Я поднялся со стула.
— Антиамериканцы начнут кричать о базе в Кьеблавике, антикоммунисты получат хороший предлог, за который можно ухватиться, и у вас, возможно, возобновится Рыбная война с Британией, поскольку я знаю, что множество исландцев недовольны соглашением 1961 года.
Я повернулся лицом к Сигурлин.
— В ходе Рыбной войны вашим траулерам запрещалось заходить в британские порты, поэтому вы установили торговые отношения с Россией, которые продолжаются и поныне. Что ты думаешь о России как о торговом партнере?
— Я думаю о ней очень хорошо, — ответила она немедленно. — Русские много для нас сделали.
Я произнес взвешенно:
— Если ваше правительство займет позицию, требующую обмена официальными нотами, то эти добрые отношения могут оказаться под угрозой. Ты хочешь, чтобы так произошло?
Ее лицо застыло от испуга. Я мрачно произнес:
— Если об этих шалостях станет когда-нибудь известно, то произойдет самый большой скандал, когда-либо задевший Исландию с той поры, когда Сэм Фелпс пытался посадить на трон Йоргена Йоргенсена в 1809 году.
Элин и Сигурлин беспомощно посмотрели друг на друга.
— Он прав, — сказала Сигурлин.
Я знал, что я прав. Под мирной поверхностью исландского общества таились силы, справиться с которыми будет нелегко. Старая вражда все еще дремала в сердцах самых злопамятных граждан, и не требовалось больших усилий для того, чтобы разбудить ее вновь. Я сказал:
— Чем меньше политики знают, тем будет лучше для всех. Я люблю эту страну, черт возьми, и не хочу, чтобы грязь поднялась здесь на поверхность. — Я взял Элин за руку. — Я постараюсь разобраться с этим делом как можно скорее. Мне кажется, я знаю путь.
— Отдай им этот сверток, — произнесла она настойчиво. — Пожалуйста, Алан, отдай им его.
— Именно так я и собираюсь поступить, — сказал я. — Но на свой собственный манер.
Здесь требовалось о многом подумать. Например, о фольксвагене. Кенникену не потребуется много времени на то, чтобы проверить регистрационный номер и установить, кому он принадлежал. Это означало, что он мог оказаться здесь уже сегодня.
— Сигурлин, — сказал я. — Ты можешь взять пони и присоединиться к Гуннару?
Она посмотрела на меня с недоумением.
— Но зачем?.. — Тут она поняла в чем дело. — Фольксваген?
— Да, здесь могут появиться незваные гости. Тебе лучше не попадаться у них на пути.
— Я получила записку от Гуннара вчера вечером сразу после того, как ты уехал. Он задержится еще на три дня.
— Прекрасно, — сказал я. — Через три дня все должно уже закончиться.
— Куда ты собираешься ехать?
— Не спрашивай, — предостерег я ее. — Ты и так уже знаешь слишком много. Просто скройся в таком месте, где никто не сможет задавать тебе вопросы. — Я щелкнул пальцами. — Мне надо избавиться от «лендровера». Я брошу его, но мне не хотелось бы, чтобы его нашли здесь.
— Ты можешь оставить его в конюшне.
— Это мысль. Пойду переложу кое-какие вещи из «лендровера» в «вольво». Я вернусь через несколько минут.
Я прошел в гараж и достал из «лендровера» электронное устройство, две винтовки и патроны к ним. Оружие я завернул в большой кусок мешковины, который нашел на полке с инструментами, и убрал его в багажник «вольво».

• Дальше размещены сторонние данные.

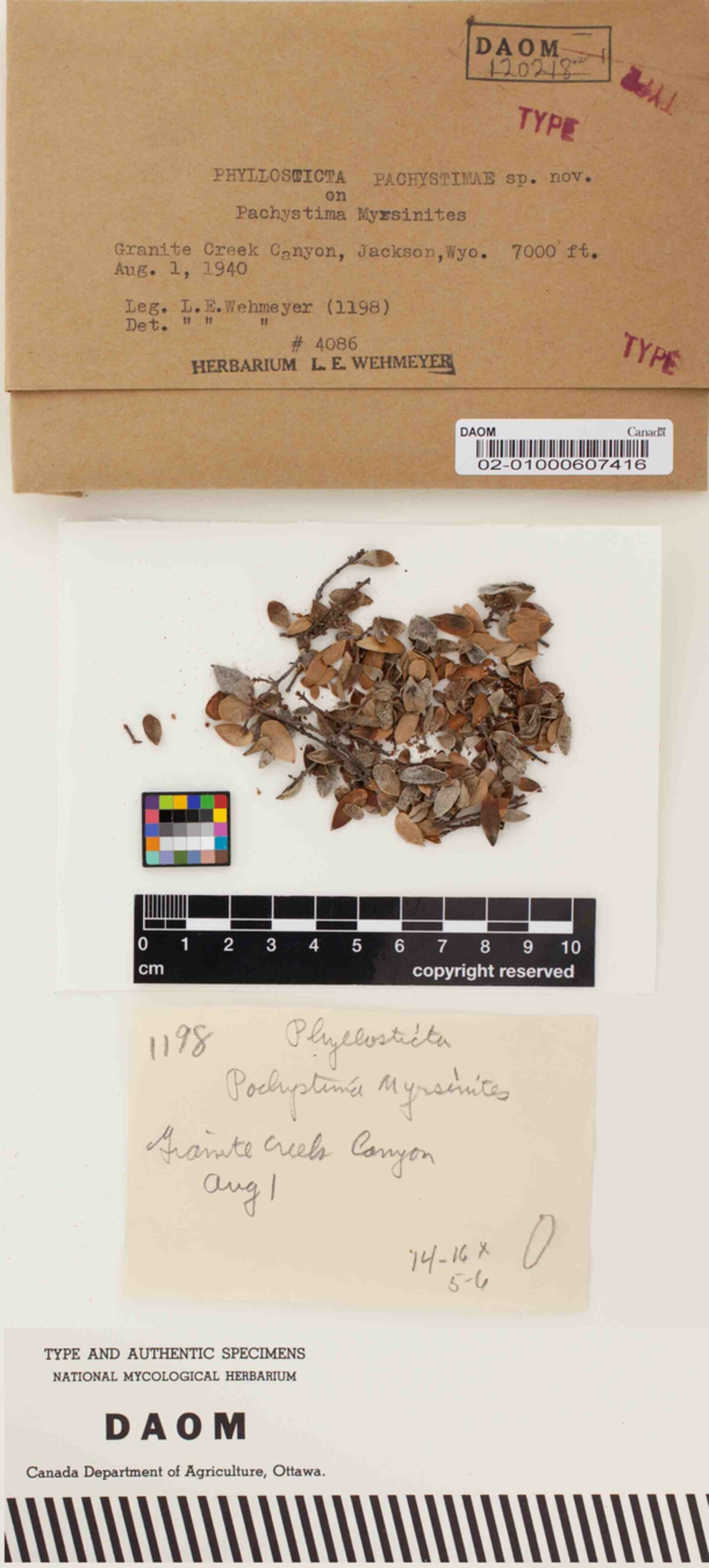 Phyllosticta pachystimae image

Ко мне подошла Элин и спросила:
— Куда мы едем?
— Не мы, — ответил я. — А я один.
— Я поеду с тобой.
— Ты отправишься вместе с Сигурлин.
На ее лице появилось хорошо мне знакомое упрямое выражение.
— Мне понравились те слова, которые ты произнес недавно, — сказала она. — По поводу того, что ты не хочешь, чтобы моей стране был причинен какой-нибудь вред. Но это моя страна, и я могу сражаться за нее не хуже, чем кто-либо еще.
Я чуть не рассмеялся вслух.
— Элин, — сказал я. — Что ты знаешь о сражениях?
— То же, что и любой другой исландец, — ответила она невозмутимо.
У нее было что-то внутри, какой-то несгибаемый стержень.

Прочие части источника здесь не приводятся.